Sotto il secondo profilo - natura del procedimento italiano - la scelta di giustificare la propria giurisdizione interna alla luce dell’autorità giurisdizionale adita in Italia appare, quanto meno, singolare. La natura del giudice italiano dovrebbe essere irrilevante ai fini del riparto di giurisdizione interno tedesco, in quanto l’individuazione del giudice italiano dipende, ovviamente, da criteri di riparto interno previsti dal diritto italiano che sono evidentemente inapplicabili alle corti tedesche e per esse irrilevanti. In questo senso si pone l’approccio adottato a livello di diritto dell’unione per identificare la natura civile di una controversia. In particolare, l’art. 1 del Regolamento (UE) n. 1215/2012 del Parlamento europeo e del Consiglio, del 12 dicembre 2012, “concernente la competenza giurisdizionale, il riconoscimento e l’esecuzione delle decisioni in materia civile e commerciale” (c.d. Regolamento Bruxelles I-bis) precisa che esso si applica in materia civile e commerciale “indipendentemente dalla natura dell’autorità giurisdizionale”.
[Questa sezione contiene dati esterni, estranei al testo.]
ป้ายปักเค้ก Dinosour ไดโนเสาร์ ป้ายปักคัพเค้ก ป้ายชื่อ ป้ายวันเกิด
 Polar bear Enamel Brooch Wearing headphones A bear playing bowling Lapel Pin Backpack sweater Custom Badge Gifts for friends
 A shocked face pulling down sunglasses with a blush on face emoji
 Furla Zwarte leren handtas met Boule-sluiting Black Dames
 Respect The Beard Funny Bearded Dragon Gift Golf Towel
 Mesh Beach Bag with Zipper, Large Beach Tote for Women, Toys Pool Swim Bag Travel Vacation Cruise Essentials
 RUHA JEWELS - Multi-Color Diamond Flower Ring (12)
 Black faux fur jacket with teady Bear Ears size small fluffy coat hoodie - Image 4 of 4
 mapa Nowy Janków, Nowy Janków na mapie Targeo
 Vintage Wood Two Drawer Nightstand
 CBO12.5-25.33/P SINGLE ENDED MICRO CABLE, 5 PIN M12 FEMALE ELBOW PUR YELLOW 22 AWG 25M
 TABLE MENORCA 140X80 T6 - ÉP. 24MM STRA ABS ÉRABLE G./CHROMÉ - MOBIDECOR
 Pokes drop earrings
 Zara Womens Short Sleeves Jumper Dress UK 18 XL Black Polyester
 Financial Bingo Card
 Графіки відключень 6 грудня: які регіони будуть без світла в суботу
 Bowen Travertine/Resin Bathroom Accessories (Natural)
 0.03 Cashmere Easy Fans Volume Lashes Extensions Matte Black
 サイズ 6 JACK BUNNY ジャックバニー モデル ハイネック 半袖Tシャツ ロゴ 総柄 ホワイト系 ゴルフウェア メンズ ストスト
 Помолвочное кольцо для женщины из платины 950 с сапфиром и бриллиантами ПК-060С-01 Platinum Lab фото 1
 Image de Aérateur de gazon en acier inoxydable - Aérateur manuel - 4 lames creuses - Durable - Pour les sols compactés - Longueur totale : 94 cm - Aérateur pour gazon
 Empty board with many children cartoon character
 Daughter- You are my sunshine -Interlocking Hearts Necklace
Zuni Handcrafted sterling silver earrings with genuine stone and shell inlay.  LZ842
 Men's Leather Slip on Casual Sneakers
Il legislatore europeo si dimostra consapevole del fatto che la ripartizione delle competenze interne tra autorità giurisdizionali è strettamente legata da ragioni storiche, politiche e giuridiche che variano nei singoli ordinamenti. Pertanto, la circostanza che un ordinamento attribuisca una determinata controversia alla cognizione della autorità giurisdizionale civile, autorità giurisdizionale amministrativa o a quella penale non è di per sé dirimente per accertare la natura della lite in questione in assoluto e con riferimento ai criteri di individuazione valevoli in altri ordinamenti.
Il riferimento alla ripartizione giurisdizionale interna italiana appare ancor più singolare se si considera che la sentenza, nel prosieguo, prescinde completamente da tale procedimento, da un lato, affermando espressamente che la causa proposta in Italia e quella proposta in Germania sono diverse e, dall’altro, negando che l’ingiunzione del Tribunale di Venezia produca effetti al di fuori dell’Italia.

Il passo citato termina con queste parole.